1 はじめに―本稿の課題とロシアの地方自治の現状について

 

(1)

 

近代ヨーロッパの立憲主義の伝統への合流、あるいは「人権、民主主義、市場」を基礎とする自由主義的世界との提携をめざすロシアは、1996年にヨーロッパ評議会に加盟し、同年2月28日にはヨーロッパ地方自治憲章について署名した。ヨーロッパ人権条約への加盟と併せて、このヨーロッパ地方自治憲章への参加は、EUとの関係強化をめざすロシアにとっては、ひとつの大きな画期をなす出来事ではあった。

ヨーロッパ地方自治憲章(以下、単に地方自治憲章とも表記)への署名の議会による批准は、1998年3月20日(上院は4月1日に同意)にまでずれ込み、4月11日付の大統領の署名によりようやく発効する運びになった(1)。この間の事情について、いまその詳細を語る用意はないが、ロシア国内における地方自治法制や93年憲法にうたわれた地方自治制度の確立過程が混乱を伴って進行していたこととおそらく無関係ではないであろう。そして、この批准は、国内での地方自治確立のテンポを速めることを要請し、地方の自主性を志向する勢力からの抵抗をも生起せしめるという、西欧志向勢力にとってはプラス、マイナス両側面からの刺激要因ともなったのである。

体制移行期におけるロシアの地方自治法制は、1991年の地方自治法の制定とそのモラトリアム、1993年の憲法の制定、1995年の地方自治法(「地方自治の組織の一般原則に関する法律」)(2)へと推移するのであるが、この一連の過程とヨーロッパ地方自治憲章の署名・批准の過程は、時期的にオーバーラップしており、ロシア国内での立法過程において、地方自治憲章が参照され、指針とされたであろうことが当然に予想される。そのことは、立法過程での議論やエリツィン大統領の地方自治に関連しての発言のなかで、時にこの地方自治憲章への言及が見られるところからも推察しうるところである。

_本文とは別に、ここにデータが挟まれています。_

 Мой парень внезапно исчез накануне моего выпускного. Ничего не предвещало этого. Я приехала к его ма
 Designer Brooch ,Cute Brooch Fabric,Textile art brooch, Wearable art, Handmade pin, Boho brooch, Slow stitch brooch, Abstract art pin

とはいえ、この週程はそれほど順調に進んでいるわけではない。地方自治に対する消極的対応やその範囲をできるかぎり狭めようとする傾向は、ソビエト制の伝統の名残りやそれに依拠せざるをえない地方政治の担い手たちによって、根づよく維持されているからである。地方自治憲章は、ロシアがそれに署名したところから、それを大義名文とした中央権力の地方政策と自主独立を志向する構成主体の指導層との対抗の構図のなかにもその位置を見いだすことになったといえよう。